On a bright spring afternoon with a freshly brewed coffee in hand, I have some moments to admire the framed posters that decorate Catherine Rose’s office. She’s worked with Age & Opportunity, a national not-for-profit organisation dedicated to promoting a greater participation by older people, for two and a half decades, and is the current chief executive. 

Moments earlier, she’d left the room to take an urgent call which she soon returns from, explaining that it was from Brussels, looking for clarification on a piece of policy that needed to be submitted this afternoon. Pouring a cup of tea and settling down on the other side of the desk, Catherine exudes a sense of positivity, and seems very much at home in her position. However, as she explains, this wasn’t always the case.

‘I’ve been involved here since 1988’ she says, ‘and I had no ambition at all to work in the area of older people.
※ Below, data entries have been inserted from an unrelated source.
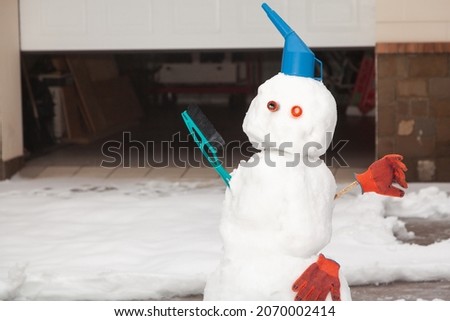 Snowman motorist stands in front of the garage. A watering can, a brush and work gloves are used for decoration

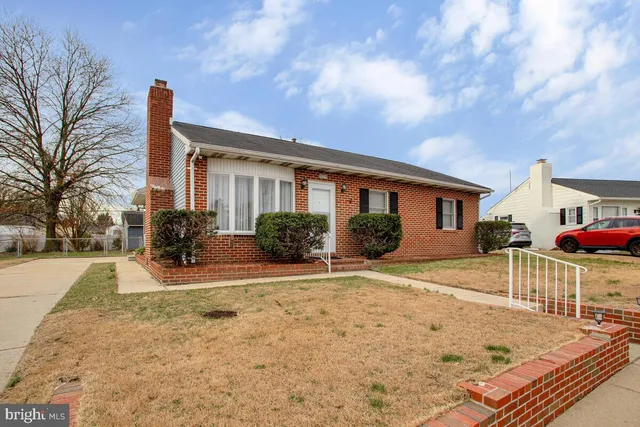 a front view of a house with a yard and potted plants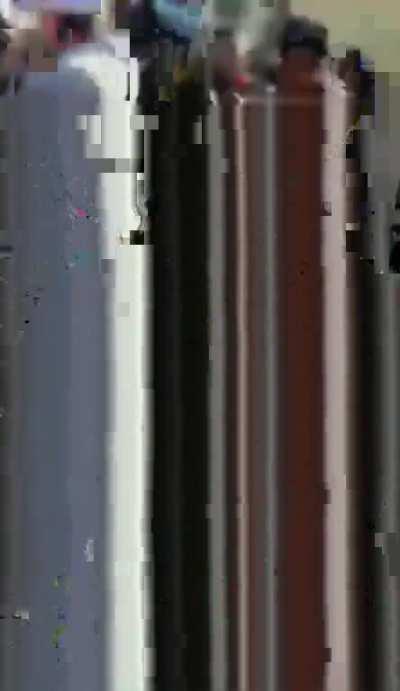 School Teacher attempts to intervene in a fight and Catches a Vicious Beatdown...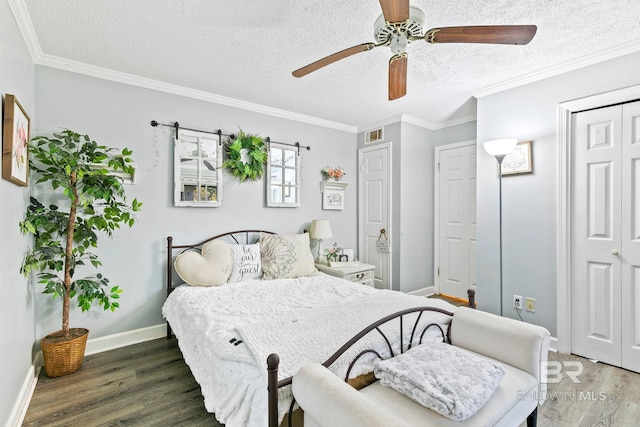 bedroom featuring ornamental molding, a textured ceiling, ceiling fan, and dark wood-type flooring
I took the work that was going at the time because I needed work, but I was certainly not seeking to work in the area. My response to working in the area of older people was quite negative. I’d previously been working in media, communications, and publishing; and everyone I knew either laughed at me or sympathised with me. I was quite negative as well. And if I didn’t need to earn, I wouldn’t have come here. But the funny thing is, I have enjoyed every single minute of it. I suppose that the kind of work we are doing is quite groundbreaking. It isn’t the traditional ‘care of’ older people. It has been an enormous education, and great fun, and enlightening.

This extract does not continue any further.